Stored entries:
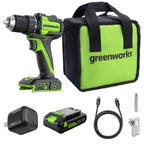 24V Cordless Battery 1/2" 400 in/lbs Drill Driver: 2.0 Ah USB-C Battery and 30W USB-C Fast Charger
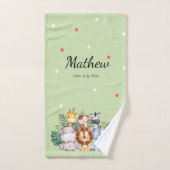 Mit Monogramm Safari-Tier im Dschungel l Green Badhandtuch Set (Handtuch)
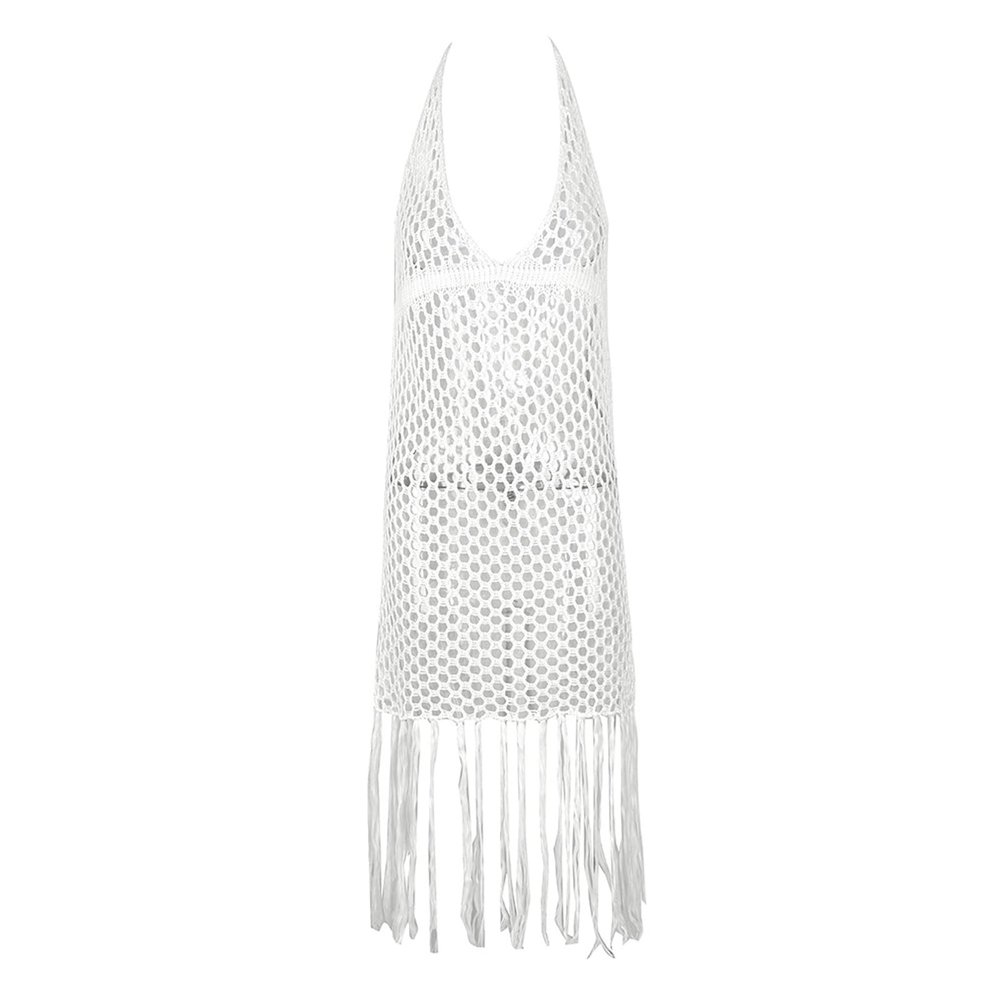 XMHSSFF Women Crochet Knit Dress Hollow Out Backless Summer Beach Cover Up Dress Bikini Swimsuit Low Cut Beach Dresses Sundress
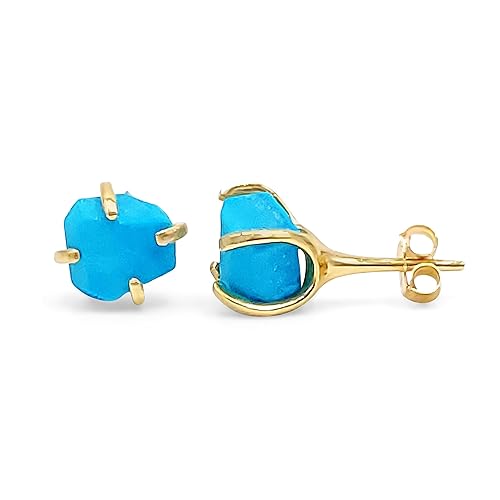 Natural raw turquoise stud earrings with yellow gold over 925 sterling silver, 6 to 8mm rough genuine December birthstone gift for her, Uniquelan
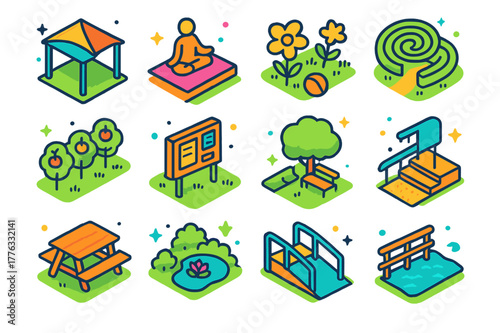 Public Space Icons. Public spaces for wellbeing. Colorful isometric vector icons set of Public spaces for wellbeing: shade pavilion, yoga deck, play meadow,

--- REQUIREMENT ---
In the copy, include every record exactly and no pictures.

--- PROBLEM SOLUTION ---
 24V Cordless Battery 1/2" 400 in/lbs Drill Driver: 2.0 Ah USB-C Battery and 30W USB-C Fast Charger
 Mit Monogramm Safari-Tier im Dschungel l Green Badhandtuch Set (Handtuch)
 XMHSSFF Women Crochet Knit Dress Hollow Out Backless Summer Beach Cover Up Dress Bikini Swimsuit Low Cut Beach Dresses Sundress
 Natural raw turquoise stud earrings with yellow gold over 925 sterling silver, 6 to 8mm rough genuine December birthstone gift for her, Uniquelan
 Public Space Icons. Public spaces for wellbeing. Colorful isometric vector icons set of Public spaces for wellbeing: shade pavilion, yoga deck, play meadow,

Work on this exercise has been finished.